Abu Dhabi government-controlled First Gulf Bank (FGB) and National Bank of Abu Dhabi (NBAD) are preparing to launch the first formal phase of staff retrenchment ahead of their merger that will create the biggest banking entity in the Middle East and North African region.

NBAD, the top lender in the emirate by assets, is expected to handover retrenchment notices to C-2 level executive, a term which usually refers to second-tier management including deputy heads of various departments and senior executive vice president-level employees, at the beginning of the week starting 5 February, the sources said, asking not to be identified as the information is not public. FGB, the third biggest lender in the Abu Dhabi, is expected to do the same, they added.

The C-2 level executives have already been interviewed to determine whether they will continue in their roles or would be made redundant. It is not clear how many personnel will be affected from both FGB and NBAD in the initial phase.

“Job cuts will happen in phases. This is the first one and there are several more to come,” said one of the sources.

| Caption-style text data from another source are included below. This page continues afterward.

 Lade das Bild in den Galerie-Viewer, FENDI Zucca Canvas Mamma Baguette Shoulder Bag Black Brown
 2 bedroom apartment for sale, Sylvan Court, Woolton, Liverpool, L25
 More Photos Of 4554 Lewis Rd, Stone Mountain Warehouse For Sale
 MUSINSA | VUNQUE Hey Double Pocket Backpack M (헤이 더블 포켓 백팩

The number of job losses from the combined workforce of two banks could be anywhere between 1800 and 2000 or could go even higher, depending on the final business strategy of the new entity, the sources added.

“This is a ballpark figure and there has been no change in that guidance,” a second source said.

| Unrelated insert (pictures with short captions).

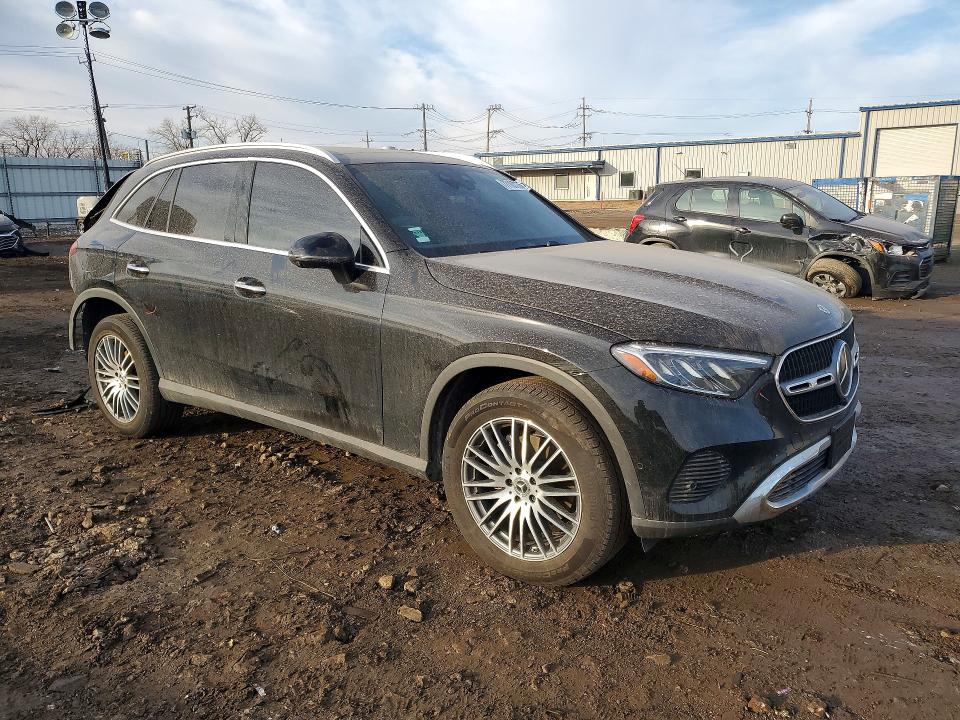 2025 Mercedes-benz Glc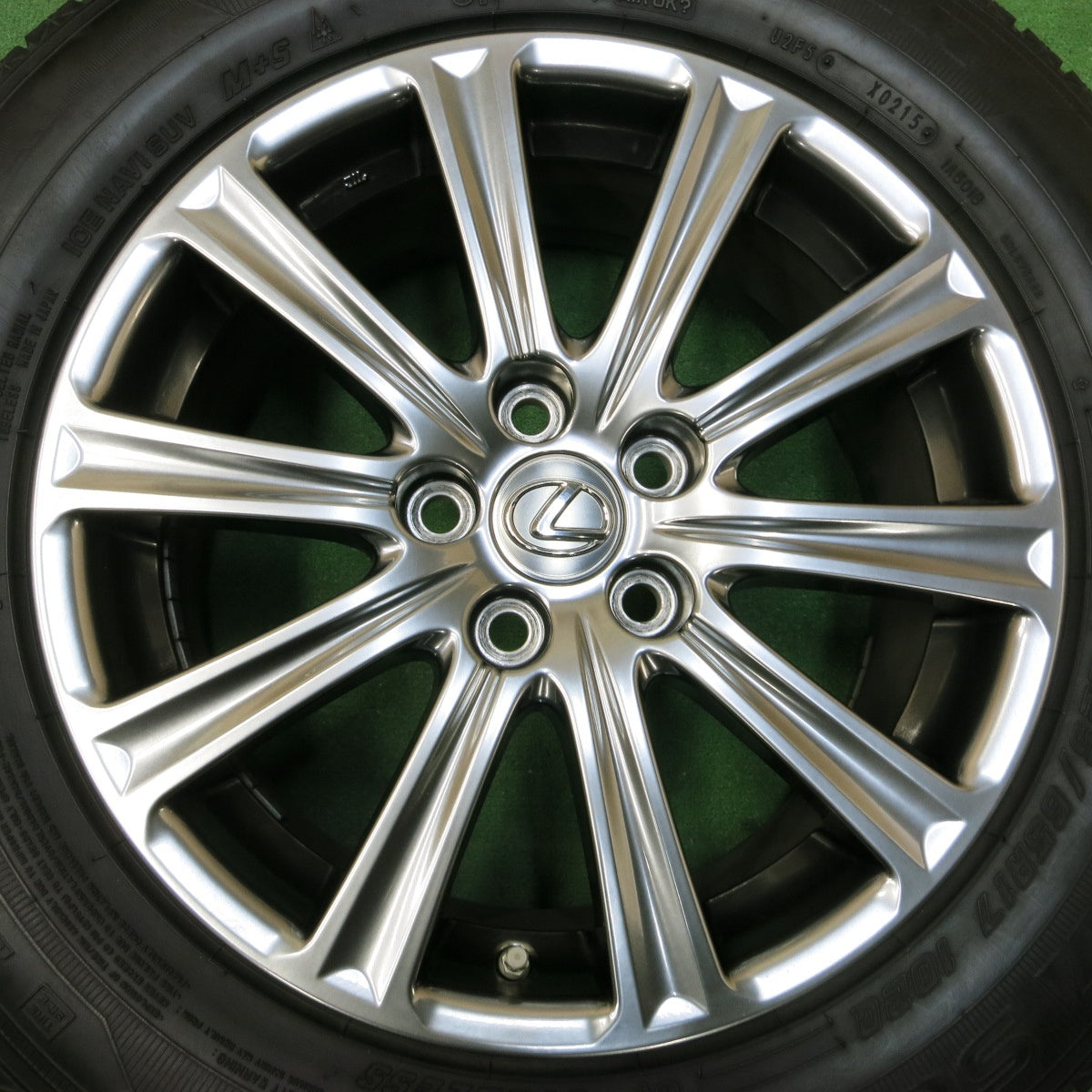 *送料無料* センサー付！キレイ★レクサス NX300h 純正 225/65R17 スタッドレス グッドイヤー アイスナビ SUV 17インチ PCD114.3/5H★4051607イス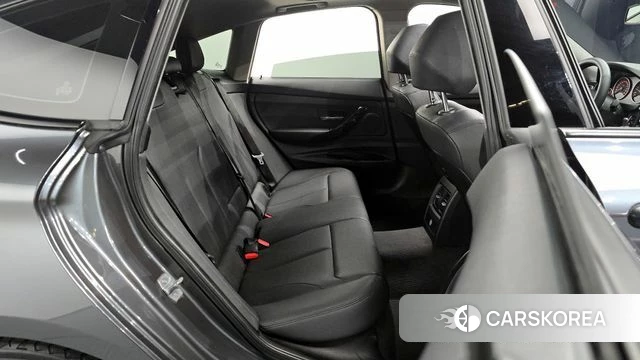 BMW 3 Series GT (F34) 2018 Серый из Кореи, фото 2
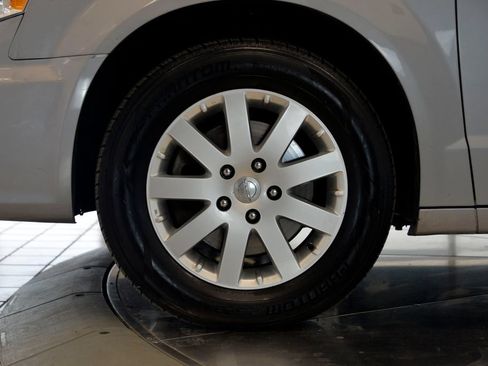 Used 2015 Chrysler Town & Country Touring FWD image 11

FGB and NBAD confirmed that a new level of management will be announced in due course to lead the combined bank once the merger is completed at the end of the first quarter of 2017, a spokesman for both banks said in a joint statement, adding that until then, both lenders will continue to operate independently under their current leadership teams.

“No further decisions relating to the organisational structure or the headcount of the combined bank have been confirmed,” the spokesman said. 

In July, the boards of the two banks voted to merge the two financial giants and recommend the deal to respective shareholders, who in December, gave it a nod.

Alex Thursby, who was at the helm of NBAD at the time of merger announcement, quit his role as chief executive in August and Abhijit Choudhury took over as acting CEO, according to a statement by the bank at the time.

The bank’s four top managers Abdulla Mohammed Saleh AbdulRaheem, the deputy group chief executive; Qamber al-Mulla, the senior managing director and chief executive of Gulf and international; Saif al-Shehhi, the senior managing director, UAE government and Abdulla al-Otaiba, senior managing director and group head of global retail & commercial operations have also quit the bank, according to reports.

NBAD and FGB in the third week of August released the pro-forma preliminary financial information of the entity, which will be established following their combination. FGB was named as the acquirer of NBAD, despite the latter being bigger in the size in terms of assets, they said in joint statement at the time.

FGB has reported an 11 per cent year-on-year decline in the fourth-quarter 2016 net income to AED1.53bn ($417m). NBAD has overshadowed its acquirers quarterly performance as it reported 28 per increase in fourth-quarter net profit to AED1.32bn.

The deal to combine both lenders, which was previously described as merger of equals, will create a lender with AED665.81bn ($181.27bn) in assets, according to the full-year 2016 financial statements by respective entities.

The transaction is the first major move toward consolidation in many years in a market where about 50 lenders compete for business. In July, the boards of the two banks voted to merge the two financial giants and recommend the deal to respective shareholders.

Two of Abu Dhabi’s largest sovereign investment funds International Petroleum Investment Company (IPIC) and Mubadala Development Company are also in the process of merging.